Here is something I thought would be interesting to make. It's also a keychain.
It's made from wool yarn and polyfill, with a 1.60mm hook (yeah, it's pretty small). It measures about 1.5" in wide and tall.
I really like how it turned out, so I might try to make more in different sizes and colours. That would require me remembering how I did it - I didn't write the pattern down, I'm forward-thinking that way.
I'd brought some balls of yarn with me to Singapore on vacation, in order to make some toys for my cousin's kids. My mum is really into home decorating now, so I thought I'd help out by crocheting some toys for display.
He's only little, about 2.5" tall. As is my (unintentional) style, his wings and feet are not 100% even (one big wing, one small wing, one big foot, one small foot). Michel was made without a pattern, I just winged it (haha, I'm such a comedian) as I went along.
Michel is named after Michel Gondry. He had a dream about having an extra big hand, and incorporated that into the Foo Fighter's "Everlong" video.
Hi, I've restarted crocheting after about a twenty year hiatus.
I was really into learning how to crochet amigurumi, and as I use very thin yarn (it's called 216 or 215 here in China, where I live at the moment) and needles (1.60mm), I need to crochet lots more rounds in order to get the sizes most other people get with their 4.00mm hooks and yarn.
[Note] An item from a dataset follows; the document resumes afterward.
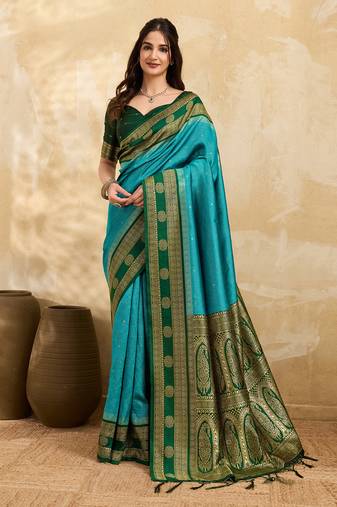Green Blue Jacquard Silk Woven Zari Work Rich Pallu Traditional Saree With Unstitch Blose Piece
Anyway, what I wanted to say was, I've noticed that using a slip stitch to join the rounds creates an unsightly dent all through the join in the finished work. I've experimented, and if I use a single crochet instead, it seems to minimise, but not eliminate, this problem.
Does anyone else use such thin yarn, and has anyone else got a tip for me regarding these dents?
I got it in my head to try crocheting a turtle, though I don't know why, I'm not that into turtles.
Mel is a mutant because she has a pink shell and two tails. The pictures don't show it too well, but she has a sad look on her face. Her head is somewhat outsized (and how), but I decided with was appropriate in the end. Mel was made without a pattern, as is obvious.
I was thinking of doing something more extreme with her, but I don't want to let personal ambition outpace my abilities. This is only my second crochet animal. She's far from perfect, but as a paperweight (stuffed with polyfill and aquarium gravel), she functions fine. And maybe she'll cheer up with a purpose in life.
I'm not sure if this counts as amigurumi, but it's an animal, and was mainly crocheted in circles.
His name is Nigel, and he's my first amigurumi project. I am really bad at following other people's patterns (I have the attention span of a puppy), so I made up my own, i.e. wrote things down as I did them. He is not totally even, but I'm pretty happy with how he turned out.